Tonight at the dinner table I told my husband about our dear friend whose ex-husband died earlier in the day. We, of course, want to support her and her children during a difficult time. It should be simple. Offered without commentary is tonight’s dinner conversation.
ME: Something terrible happened today.
MR. G: What?
ME: Our friend’s ex husband died.
Mr. G has a look of shock on his face. His mouth is open wide.
MR. G: Oh no. How?
ME: They think it was a heart attack. It was out of the blue, he hasn’t been sick or anything.
MR. G: How old was he?
ME: I don’t know exactly but mid 50’s.
ALEXANDER: [matter of factly] Well that’s in the death range.
MR. G: The what range?
ALEXANDER: The death range. You know, it’s sort of when it’s time to die.
MR. G: [horrified and bemused] When does the death range begin?
ALEXANDER: You know when people hit about 65 they start to die I guess.
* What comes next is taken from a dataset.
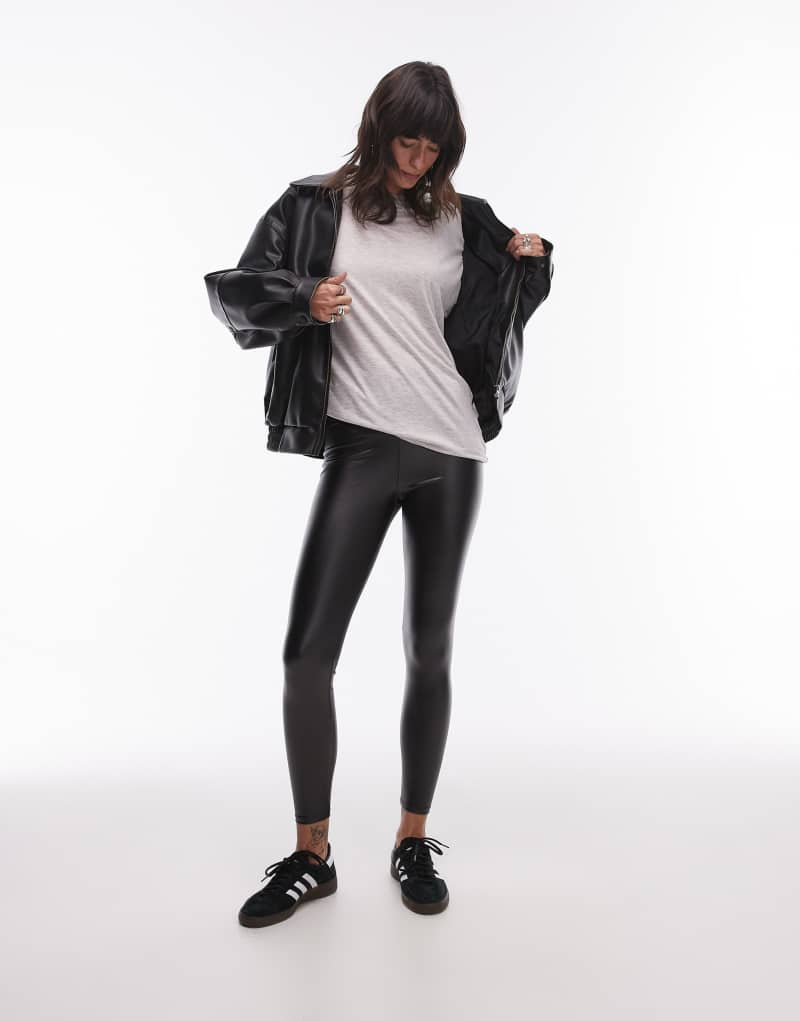 Topshop faux leather leggings in black TOPSHOP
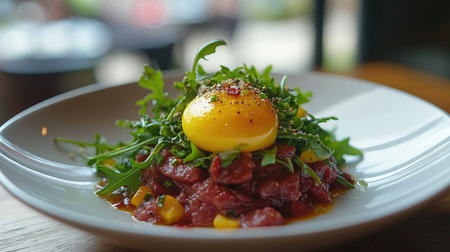 Close-up of stylish gourmet tartar with yolk and arugula, plated beautifully with copy space for upscale culinary marketingの素材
MR. G: But we’re talking about a man in his 50’s that’s like 10 years earlier.
ALEXANDER: That’s why it’s a range. You get in the range to die.
I’d give you more details but according to my son I need to hurry up and buy myself a coffin.
Ha ha. I’m glad you didn’t come down hard on him. A Chinese family would have… For saying something say unlucky. I wonder whether it’s the kids way of coping with the uncertainty. For example, my youngest is convinced that we will die in order: so I will go first, then my husband, etc. Not that he’s selfish but this gives something uncertain and scary a certain logic.